Regarding the SessionStorage test, due to the peculiar properties of SessionStorage, the web crawling tools that fail the test are probably not closing the tab after using it but, after completing the first rendering, reusing the same tab to render a second page and so on.
Without knowing the actual technical implementation, web crawlers might pass all tests included in this research by manually cleaning every single storage at the end of every page rendering session, but this approach is not a secure and viable solution to guarantee data integrity.
Our research focuses on a limited amount of Web APIs and browser interfaces, it’s worth mentioning that those aren’t the only ones that might have access to browser memory/cache and trying to keep up with the development of all new standards and web features is a complex and time-consuming process.
Web Crawler | Cookie | IndexedDB | LocalStorage | SessionStorage | Broadcast Channel | Shared Worker |
---|---|---|---|---|---|---|
Ahrefs | FAILED | FAILED | FAILED | PASSED | PASSED | PASSED |
Botify | PASSED | PASSED | PASSED | PASSED | PASSED | PASSED |
ContentKing | PASSED | FAILED | FAILED | PASSED | PASSED | PASSED |
FandangoSEO | FAILED | FAILED | FAILED | FAILED | PASSED | PASSED |
JetOctopus | PASSED | FAILED | FAILED | PASSED | PASSED | PASSED |
Lumar (formerly Deepcrawl) | PASSED | PASSED | PASSED | PASSED | PASSED | PASSED |
Netpeak Spider | PASSED | FAILED | FAILED | FAILED | FAILED | FAILED |
OnCrawl | PASSED | PASSED | PASSED | PASSED | PASSED | PASSED |
Ryte | PASSED | FAILED | FAILED | PASSED | PASSED | PASSED |
Screaming Frog | PASSED | FAILED * | FAILED * | PASSED | PASSED | PASSED |
SEO PowerSuite WebSite Auditor | PASSED | FAILED | FAILED | FAILED | PASSED | PASSED |
SEOClarity | FAILED | PASSED | FAILED | PASSED | PASSED | PASSED |
Sistrix | PASSED | PASSED | PASSED | PASSED | PASSED | PASSED |
Sitebulb | FAILED | FAILED | FAILED | PASSED | FAILED | FAILED |
*Screaming Frog fixed the problem autonomously in August after our tests but before we reached out to them
Appendices
Web crawlers’ status
Not all web crawlers have been able to fix the session isolation issues yet while they investigate further.

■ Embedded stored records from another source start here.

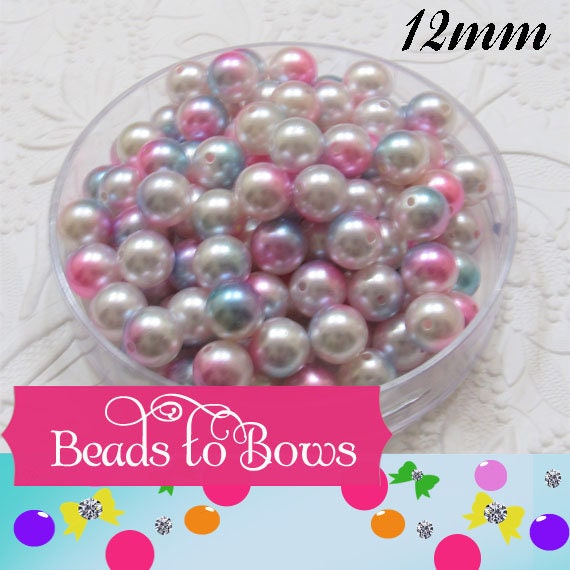 12mm Mermaid 50 Ct Bubblegum Pearls, Magic Pearls, Ombre Pearls, Gumball Pearls, Bubblegum Necklace Supply Bead, Jewelry Supply, Supply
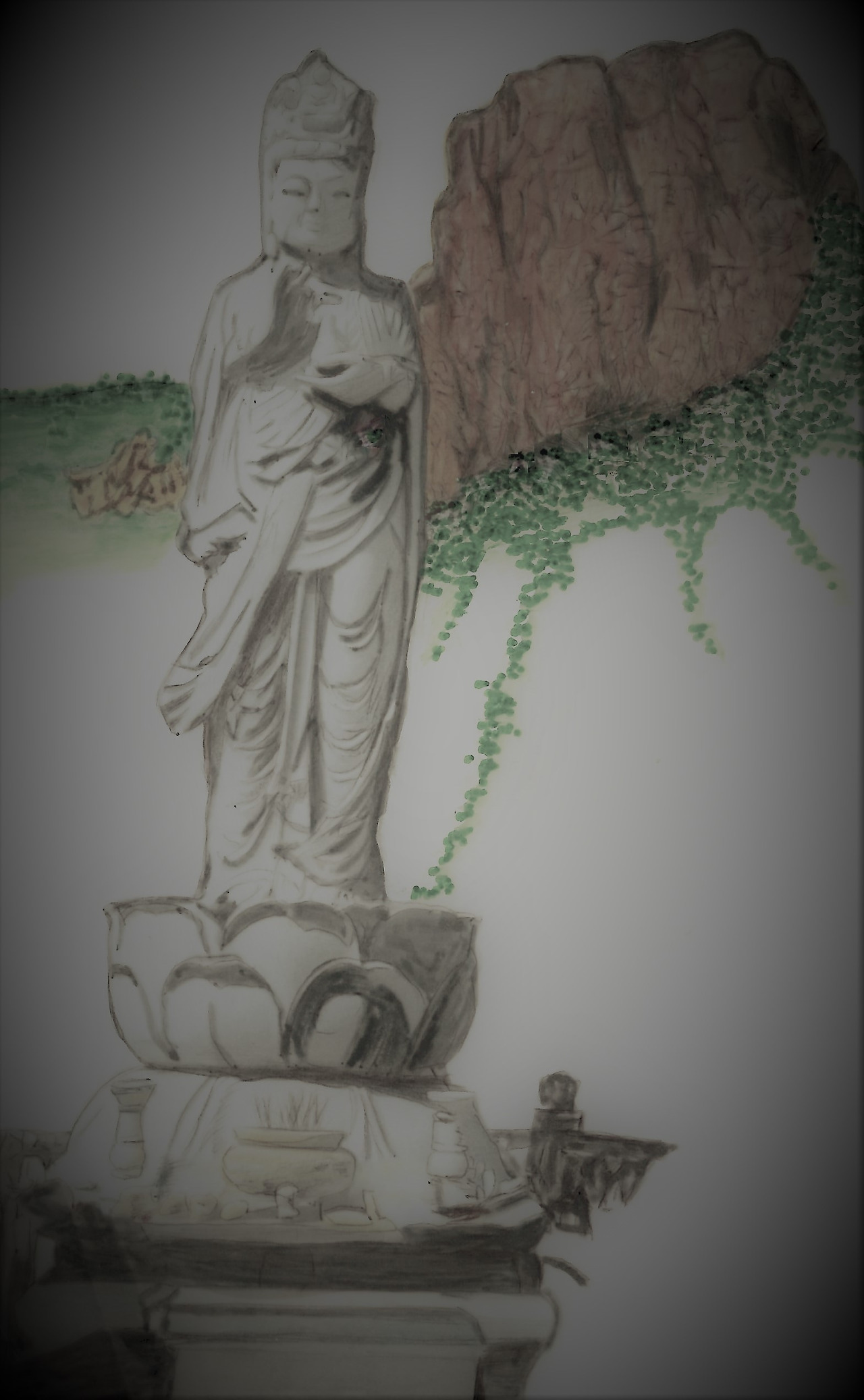 43. 보리암 해수관음보살상이 묵연히 바다를 내려다보고 있다.jpg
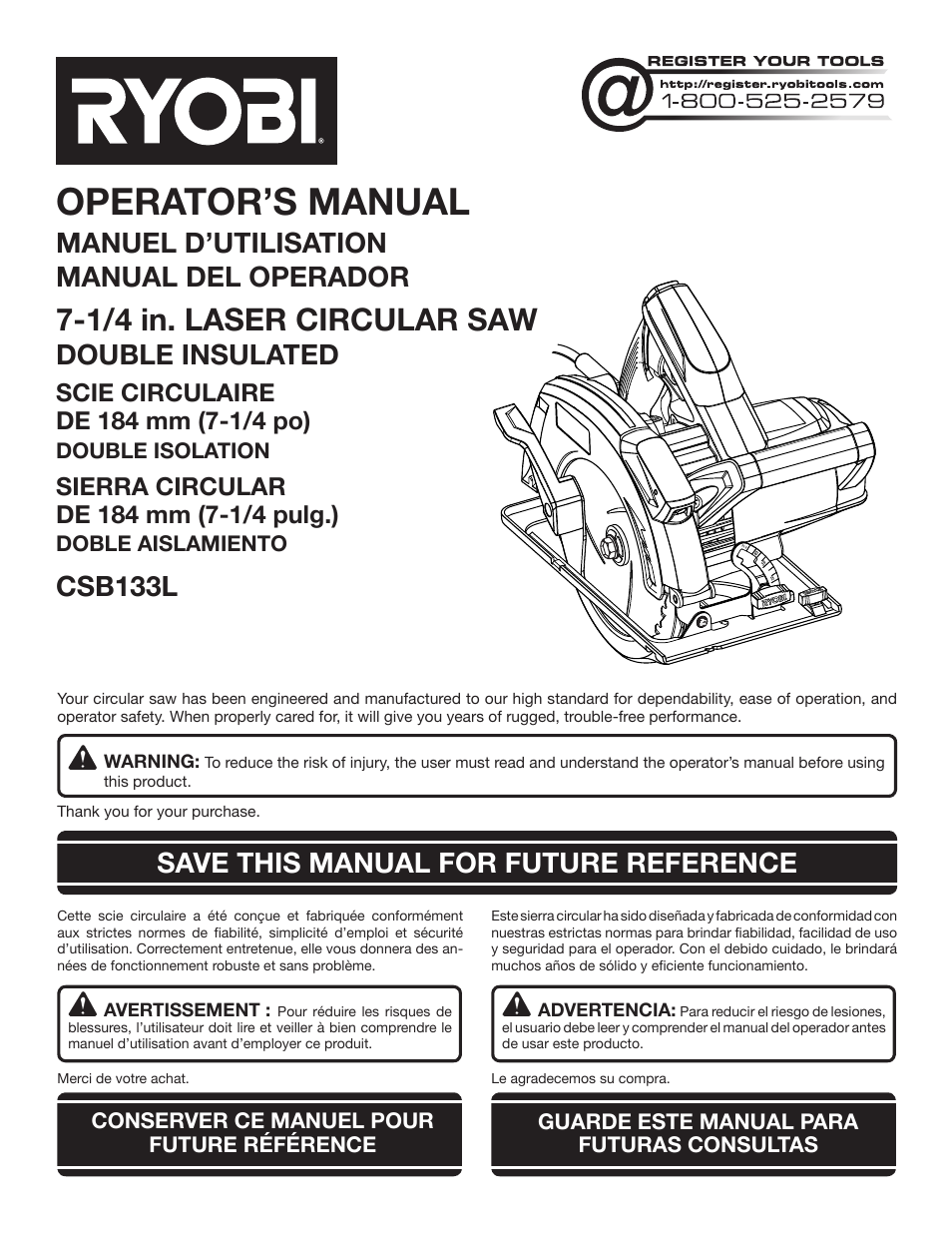 Ryobi CSB133L User Manual | 52 pages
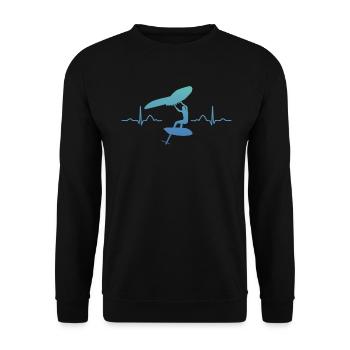 Flügel Surfer Wingsurfing Retro Folie Flügel - Unisex Pullover - Schwarz - Vorne - Alina (178cm) & Michal (187cm)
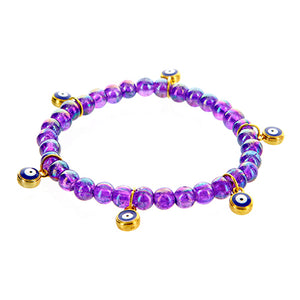 Pulsera Morado Con Dije Ojito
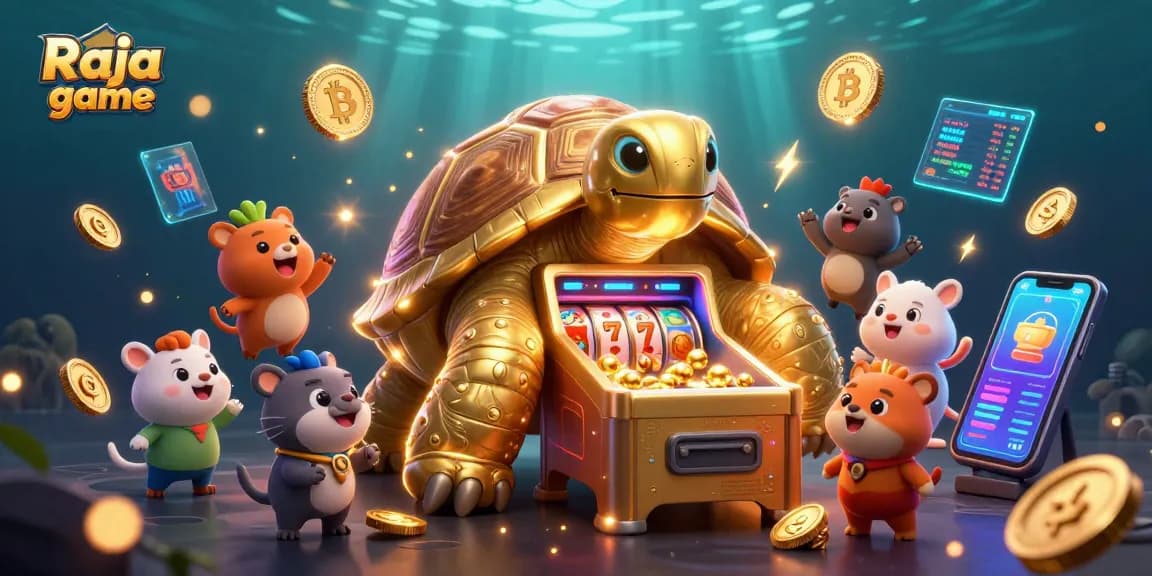 Engage with the Raja game and win big with our vibrant slot-themed 3D casino illustration.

The Docker crawling test framework was able to support those who have fixed the session isolation and will be included in their future release checks. Some web crawlers included us through the entire remediation process.
Below you can find a table with the current status of the web crawlers. We’ll update the table every time we’ll have news from the vendors.
Last update: 2022/11/15
Web Crawler | Status |
---|---|
Ahrefs | Fixed – 15 Nov 2022 |
Botify | Passed all tests |
ContentKing | Fixed – 27 Oct 2022 |
FandangoSEO | Looking into this |
JetOctopus | Looking into this |
Lumar (formerly Deepcrawl) | Passed all tests |
Netpeak Spider | Looking into this |
OnCrawl | Passed all tests |
Ryte | Fixed – 10 Oct 2022 |
Screaming Frog | Fixed – 17 Aug 2022 * |
SEO PowerSuite WebSite Auditor | Looking into this |
SEOClarity | Looking into this |
Sistrix | Passed all tests |
Sitebulb | Looking into this |
*Screaming Frog fixed the problem autonomously in August after our tests but before we reached out to them
If you are a web crawling provider, consider using the crawl testing framework to ensure that you are isolating sessions correctly.
Additional information about the research
- The majority of tests have been completed during July / August 2022;
- We used the standard configuration for all tools, enabling the “JS Rendering” if not default, and disabling the “keep storage” option where possible (this is an advanced option and should be disabled by default);
- Merj is channel partner with Botify. Botify have not been involved in designing or conducting these tests.
- All featured vendors were sent the results after testing was completed and were offered a 30-day grace period to validate or fix any session isolation issues before publishing this article.